Minister of Science,Technology and Research
- In office 10 September 2015 – 21 November 2019
- President: Maithripala Sirisena
- Prime Minister: Ranil Wickremesinghe

Deputy Minister of Justice
- In office 12 January 2015 – 17 August 2015
- President: Maithripala Sirisena
- Prime Minister: Ranil Wickremesinghe

Member of Parliament for National List
- Incumbent
- Assumed office 17 December 2024

Member of Parliament for Colombo District
- In office 2010–2020

Personal details
- Born: sujeewa senasinghe 13 December 1971 (age 54)
- Party: Samagi Jana Balawegaya
- Other political affiliations: United National Party
- Alma mater: Trinity College, Sri Lanka Law College
- Occupation: lawyer, politician
- Profession: Attorney-at-Law,

= Sujeewa Senasinghe =

Sri Lankan lawyer and politician

Sujeewa Senasinghe (Sinhala: සුජීව සේනසිංහ; born 13 December 1971) is a Sri Lankan lawyer and politician.

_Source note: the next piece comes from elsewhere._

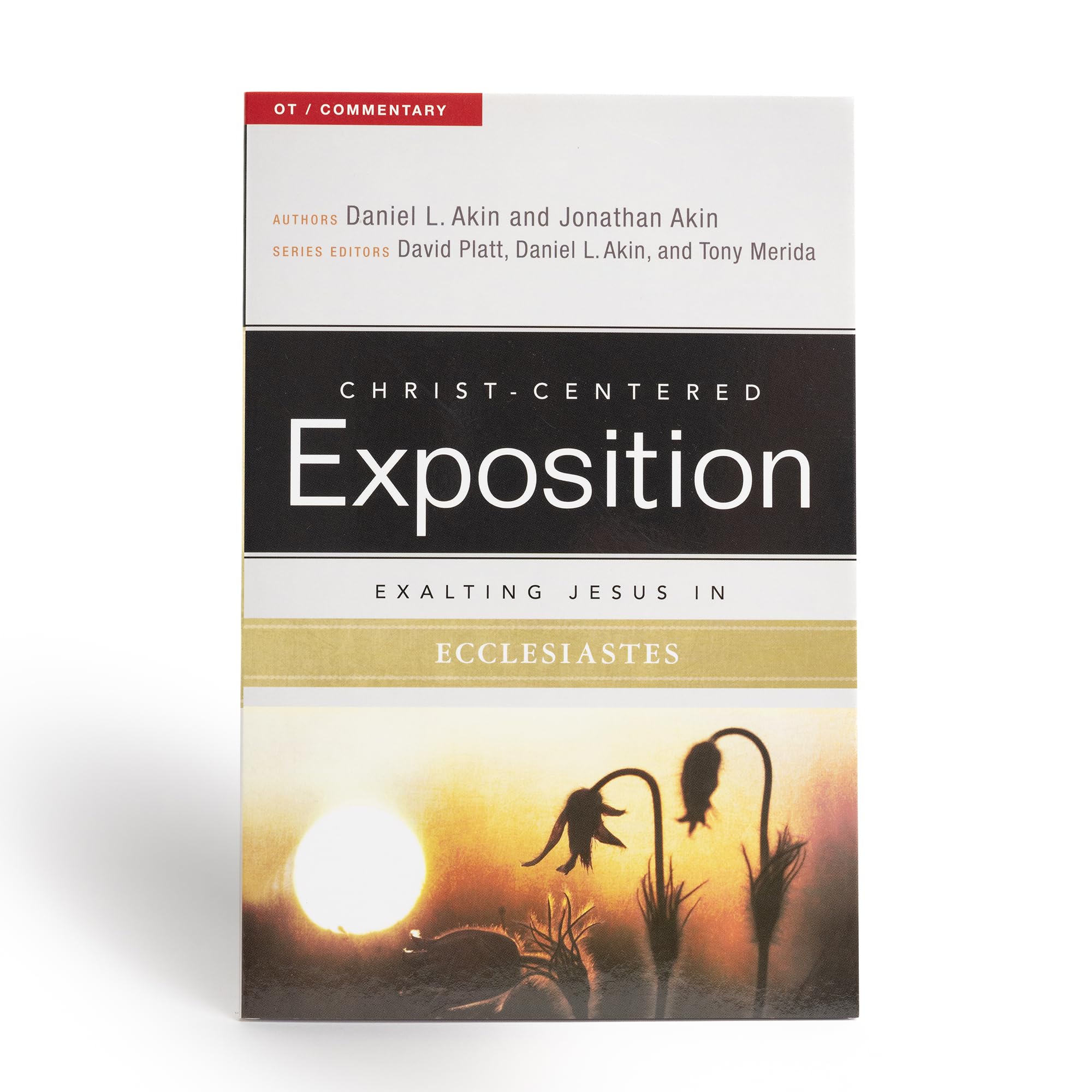 Exalting Jesus In Ecclesiastes (Christcentered Exposition Commentary),New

He is a member of the Parliament of Sri Lanka and the State Minister for International Trade until 2019.

==Early life and education==
Senasinghe was born in Kandy, the son of Stanley Senasinghe, a senior lawyer in Kandy and Upamalika Senasinghe, a lecturer. He is the youngest of three brothers; his brothers are Namal and Chaminda. Sujeewa was educated at Trinity College, Kandy and at the Sri Lanka Law College.

==Political career==
Sujeewa obtained 117,049 preferential votes from the Colombo district at the General Elections held on 17 August 2015. This was the second highest number of preferential votes obtained by a United National Party member from the Colombo district.

He was appointed Deputy Minister of Justice on 12 January 2015 under 100 Days Program. He belongs to the United National Party.

In 2017 he was appointed State Minister of Trade and Investment and in 2019 the Non-Cabinet Minister of Science and Technology, under Prime Minister Ranil Wickramasinghe.

On 28 September 2020, Sujeewa decided to step down from politics after the defeat in 2020 Sri Lankan parliamentary election and losing his seat.

He was appointed as a Member of Parliament for National List in 2024 Sri Lankan parliamentary election as a member of the Samagi Jana Balawegaya.